● BRIEF
Among the records, which lines hold the word "with"? Pick them out.

◇ ◇ ◇ ◇

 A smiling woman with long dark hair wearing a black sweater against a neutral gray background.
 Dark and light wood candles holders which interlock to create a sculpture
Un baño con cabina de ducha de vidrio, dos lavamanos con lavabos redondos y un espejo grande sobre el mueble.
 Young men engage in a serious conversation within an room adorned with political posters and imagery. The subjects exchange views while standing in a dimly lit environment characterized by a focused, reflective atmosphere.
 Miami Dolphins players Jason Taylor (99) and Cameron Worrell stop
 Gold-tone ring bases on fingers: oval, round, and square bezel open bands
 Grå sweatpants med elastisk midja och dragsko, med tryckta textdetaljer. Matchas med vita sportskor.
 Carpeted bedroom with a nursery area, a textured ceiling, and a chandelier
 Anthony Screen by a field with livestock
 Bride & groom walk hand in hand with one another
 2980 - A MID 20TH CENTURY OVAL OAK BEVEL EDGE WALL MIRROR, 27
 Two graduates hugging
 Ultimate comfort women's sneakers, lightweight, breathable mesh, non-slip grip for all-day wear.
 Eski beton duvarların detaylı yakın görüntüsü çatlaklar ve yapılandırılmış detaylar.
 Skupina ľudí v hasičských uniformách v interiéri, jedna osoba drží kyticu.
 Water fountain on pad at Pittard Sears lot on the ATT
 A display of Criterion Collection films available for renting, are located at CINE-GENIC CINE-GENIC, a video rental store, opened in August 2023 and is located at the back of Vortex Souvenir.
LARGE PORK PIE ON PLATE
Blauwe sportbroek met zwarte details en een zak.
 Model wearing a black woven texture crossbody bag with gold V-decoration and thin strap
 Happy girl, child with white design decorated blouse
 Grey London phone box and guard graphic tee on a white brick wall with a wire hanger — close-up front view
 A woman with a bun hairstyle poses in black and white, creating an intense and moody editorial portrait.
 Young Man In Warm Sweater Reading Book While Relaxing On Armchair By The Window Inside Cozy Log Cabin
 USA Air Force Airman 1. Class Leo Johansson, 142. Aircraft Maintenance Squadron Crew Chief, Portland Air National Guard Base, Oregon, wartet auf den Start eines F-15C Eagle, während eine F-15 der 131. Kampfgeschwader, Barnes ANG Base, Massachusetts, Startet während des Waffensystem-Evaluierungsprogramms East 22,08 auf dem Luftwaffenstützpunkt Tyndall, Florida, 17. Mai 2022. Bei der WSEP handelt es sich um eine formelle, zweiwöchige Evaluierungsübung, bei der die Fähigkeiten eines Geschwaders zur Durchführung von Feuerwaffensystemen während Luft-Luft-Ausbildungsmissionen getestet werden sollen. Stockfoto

◇ ◇ ◇ ◇

● TASK RESPONSE
 A smiling woman with long dark hair wearing a black sweater against a neutral gray background.
 Young men engage in a serious conversation within an room adorned with political posters and imagery. The subjects exchange views while standing in a dimly lit environment characterized by a focused, reflective atmosphere.
 Carpeted bedroom with a nursery area, a textured ceiling, and a chandelier
 Anthony Screen by a field with livestock
 Bride & groom walk hand in hand with one another
 Model wearing a black woven texture crossbody bag with gold V-decoration and thin strap
 Happy girl, child with white design decorated blouse
 Grey London phone box and guard graphic tee on a white brick wall with a wire hanger — close-up front view
 A woman with a bun hairstyle poses in black and white, creating an intense and moody editorial portrait.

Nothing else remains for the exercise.